Floating Point to Binary Value(C++)

c++ binary floating-point ieee-754

42,281

Solution 1

Use union and bitset:

#include <iostream>
#include <bitset>
#include <climits>

int main()
{
    union
    {
        float input; // assumes sizeof(float) == sizeof(int)
        int   output;
    } data;

    data.input = 2.25125;

    std::bitset<sizeof(float) * CHAR_BIT> bits(data.output);
    std::cout << bits << std::endl;

    // or
    std::cout << "BIT 4: " << bits[4] << std::endl;
    std::cout << "BIT 7: " << bits[7] << std::endl;
}

It may not be an array but you can access bits with [] operator as if you were using an array.

Output

$ ./bits
01000000000100000001010001111011
BIT 4: 1
BIT 7: 0

Solution 2

int fl = *(int*)&floatVar; //assuming sizeof(int) = sizeof(float)

int binaryRepresentation[sizeof(float) * 8];

for (int i = 0; i < sizeof(float) * 8; ++i)
    binaryRepresentation[i] = ((1 << i) & fl) != 0 ? 1 : 0;

Explanation

(1 << i) shifts the value 1, i bits to the left.
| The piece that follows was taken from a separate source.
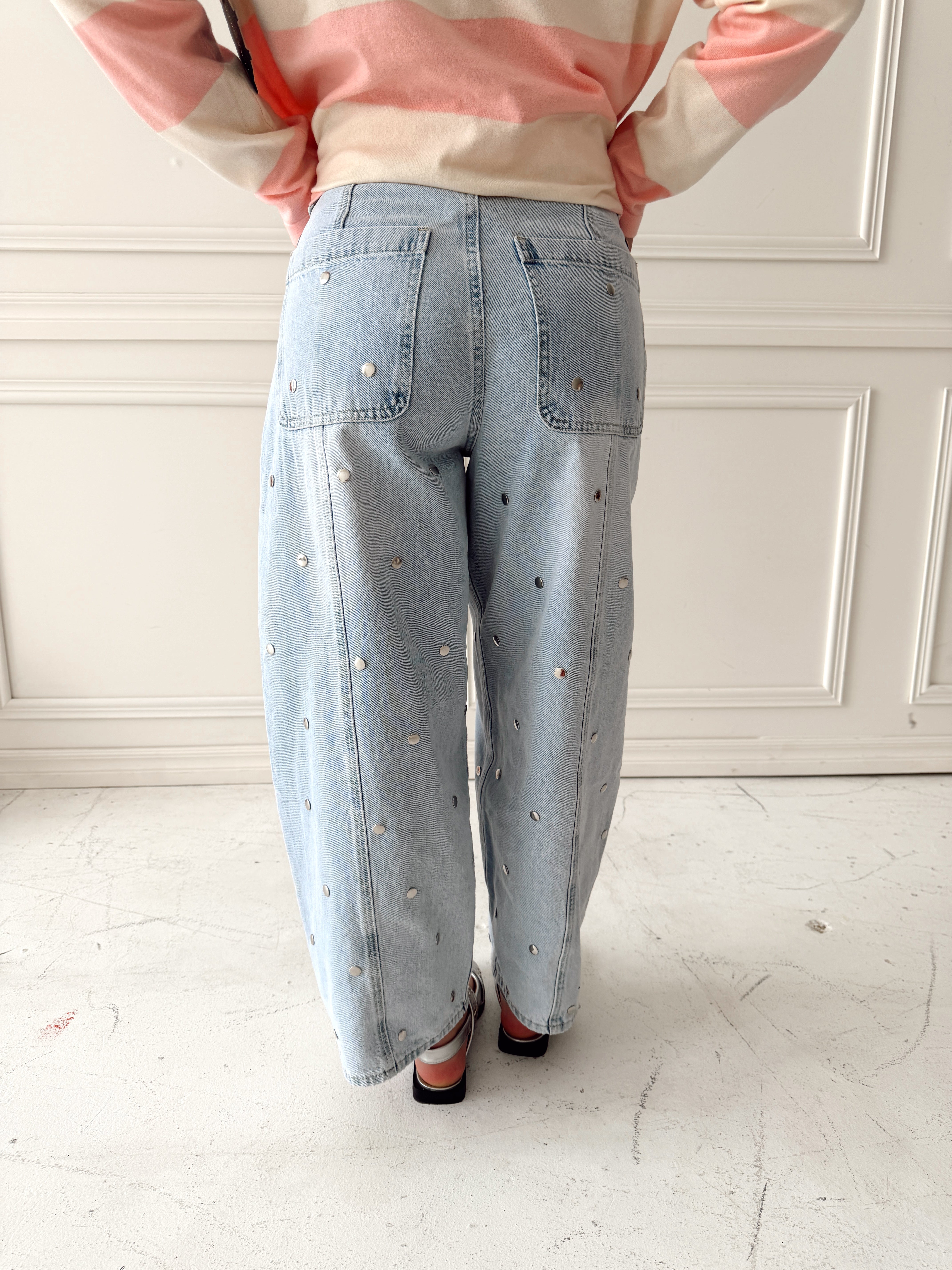 Studded Barrel Jeans - Light Wash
The & operator computes the bitwise and of the operands.

The for loop runs once for each of the 32 bits in the float. Each time, i will be the number of the bit we want to extract the value from. We compute the bitwise and of the number and 1 << i:

Assume the number is: 1001011, and i = 2

1<<i will be equal to 0000100

  10001011
& 00000100
==========
  00000000

if i = 3 then:

  10001011
& 00001000
==========
  00001000

Basically, the result will be a number with ith bit set to the ith bit of the original number and all other bits are zero. The result will be either zero, which means the ith bit in the original number was zero or nonzero, which means the actual number had the ith bit equal to 1.

Solution 3

other approach, using stl

#include <iostream>
#include <bitset>

using namespace std;
int main()
{
    float f=4.5f;
    cout<<bitset<sizeof f*8>(*(long unsigned int*)(&f))<<endl;
    return 0;
}

Solution 4

Can you just read the binary in the memory that the float variable?

Yes. Static cast a pointer to it to an int pointer and read the bits from the result. An IEEE 754 float type in C++ is 32 bits.

Solution 5

If you need a particular floating point representation, you'll have to build that up semantically from the float itself, not by bit-copying.
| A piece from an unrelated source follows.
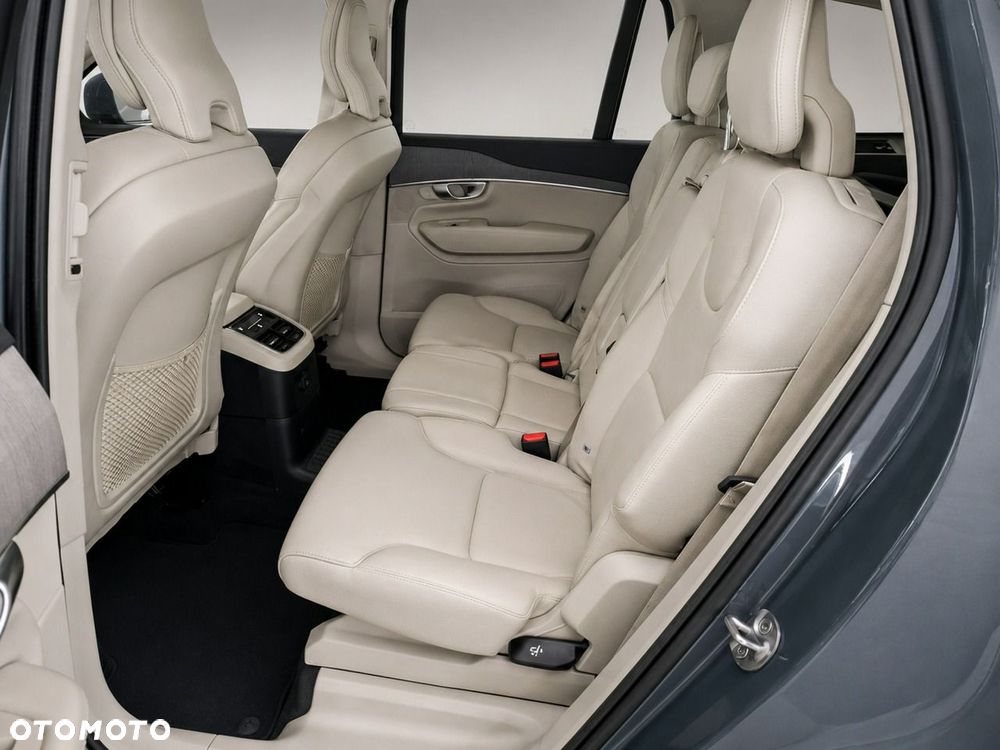 Volvo XC 90 - 8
c0x standard: http://c0x.coding-guidelines.com/5.2.4.2.2.html doesn't define the format of floating point numbers.

View more solutions

42,281

Author by

user58389

Updated on September 29, 2020

Comments

user58389 over 3 years

I want to take a floating point number in C++, like 2.25125, and a int array filled with the binary value that is used to store the float in memory (IEEE 754).

So I could take a number, and end up with a int num[16] array with the binary value of the float: num[0] would be 1 num[1] would be 1 num[2] would be 0 num[3] would be 1 and so on...

Putting an int into an array isn't difficult, just the process of getting the binary value of a float is where I'm stuck. Can you just read the binary in the memory that the float variable? If not, how could I go about doing this in C++?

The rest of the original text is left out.